Singing a song, is the lead line of the song. If you don't know it , then you cant sing it.
Strumming the chords is just an assistance to keep you in key as the different changes happen in the song.
You should be able to sing the song with out any chords at all....

Singing harmony has very little to do with playing and has everything to do with your ability to hear the harmony interval that you are going to sing.
I have met many singers that cant get past the lead line no matter how much they try.
Plenty of harmony practice can help but some folks can pick it up easily and some other really have to work hard to get the same results.

bottom line...plenty of practice cures a lot of weaknesses.
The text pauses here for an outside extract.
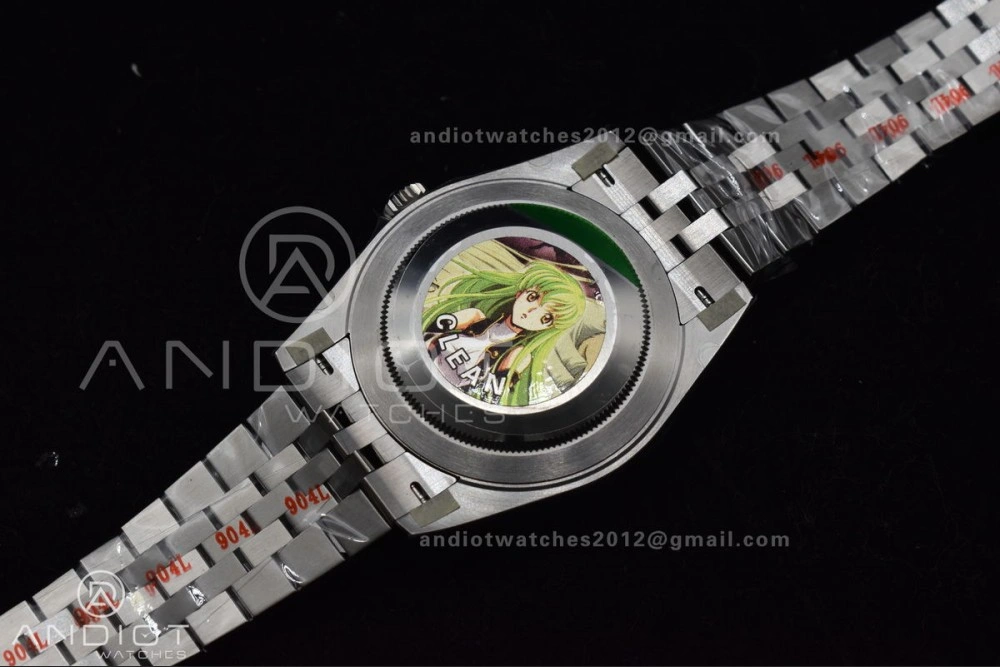 Practical Datejust 41 SS 904L Steel Clean 1:1 Best Edition Blue Roman Dial on Jubilee Bracelet VR 650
and that's all I have to say about that.
G.


----------



## bw66 (Dec 17, 2009)

zontar said:


> I don't even get that far...
> I've tried all sorts of tips over the years, but I just can't play guitar & sing at the same time.
> 
> Maybe I'll be able to sing while playing bass one day.


I can sing all day with my guitar - for some reason bass is much harder to sing with.

When you're first trying to sing, just strum the downbeat. It may help to circle or underline the syllables in the lyrics where the downbeats occur.


----------



## Chito (Feb 17, 2006)

My suggestion is to play with the recording of the song. You don't have to play exactly what the guitar player is doing. Just try to play along with it. That will help you with strumming. For me, it's one of those things that I've never had to learn, I just thought it came naturally for me. Although, I might add it's been close to 50 years now since I started playing guitar. But then I've never had anybody actually teach me how to play. I just watched other people play guitar at the beginning. Also, during that time, most people playing guitar were playing acoustic guitars rather than electric ones at least where I was growing up.


----------



## knight_yyz (Mar 14, 2015)

I can almost sing and play Hotel California, but it probably has something to do with the fact that I really know the lyrics. I was watching some youtube videos about how to do both and most of them say the same thing. You have to be able to play the song without thinking about it. Then you really have to memorize the lyrics. Here's the funny part though. If you listen to your favorite song on the radio you can probably sing the lyrics all day. But if you are not singing along, can you still remember all the lyrics? I always thought I could, but when you have to concentrate on your playing, and try to "remember" the lyrics, it is harder. The easier the song is to play, the easier it will be to sing along...


----------



## zontar (Oct 25, 2007)

bw66 said:


> I can sing all day with my guitar - for some reason bass is much harder to sing with.
> 
> When you're first trying to sing, just strum the downbeat. It may help to circle or underline the syllables in the lyrics where the downbeats occur.


I've tried it--tried all the tricks & tips--they don't come close for me--but with bass I can kind of get close, as long as it's not some crazy riff.

But I still try.

I can barely count out loud while playing.


----------